By all accounts, you’ll have a lot of fun trying.

 

Eunoia. Photo by Jeremy Mimnagh

 

Looking back on the piece that has found wild success on tour since debuting in 2014, the Fujiwara Dance Inventions artistic director says it’s probably the most challenging piece she’s ever choreographed.

“In the whole creation period, we had no idea if it would work, because it was such a difficult task to make a dance that used such extreme constraints,” Fujiwara reflects. “We actually had no idea that it would be an interesting dance. I think the author felt the same way: it took him about seven years to write the book, and he told me when he got to Chapter U he worried he couldn't finish it.”

Fujiwara and her team spent about two years crafting Eunoia, working chapter by chapter through the book, and finding new, vowel-driven ways to approach the movement.
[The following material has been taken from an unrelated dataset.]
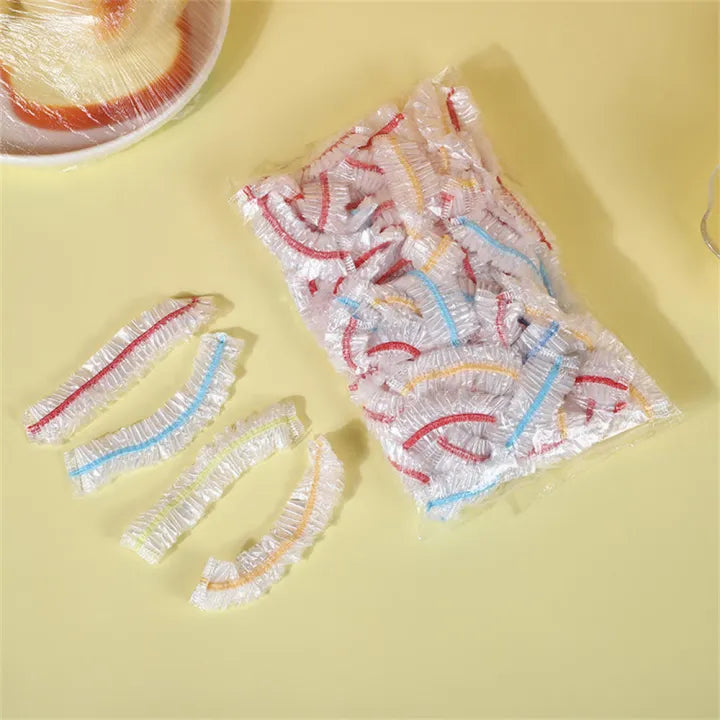 Plastic Wrap – Durable Disposable Food Covers (100 Pcs Pack)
“The whole thing required us to start from a completely new place,” Fujiwara explains. “In a way the score of the piece is the text, in a similar way to how music can score a dance, so I had to change my way of working. There are pitfalls to avoid when you work with text: I don't believe that dance should ever illustrate the text, because that leads to banalities. But what kind of ideas should be expressed in the piece? Somehow in spite of the constraints we had to create compelling dance.

“Everything was unknown and everything was an experiment, so we were always delighted when we found something that worked,” she adds. “Sometimes we failed, and sometimes that led to breakthrough revelations. But all along there was a really good chance that none of this would work!”

From the first performance, everything came together: Fujiwara’s unusual movement; Justin Stephenson’s inventive letter-based animated video projections, which sometimes spread and swirl over the dancers’ bodies; the interwoven spoken text that draws from Bök’s book; and Strong’s score, with its impossibly complex play on piano keys and palindromes. (The award-winning composer, who had been a part of Eunoia from its earliest studio days of development, passed away in 2022.)

After the first performance, the audience jumped to its feet to applaud. And Fujiwara breathed a sigh of relief. NOW Magazine named Eunoia the Best Dance Performance of 2014, it was nominated for three Dora Awards, and in the ensuing years, critics have called it “thrilling”, “witty”, and “engrossing”.

Of course, you don’t need to know the full premise of Eunoia (which fittingly means “beautiful thinking”) to enjoy the show.

“Even if you do know the concept, you don't know how it's going to be delivered, or that in fact the concept is manifested in so many ways,” she gleefully adds. “It’s going to be coming at you from all directions.”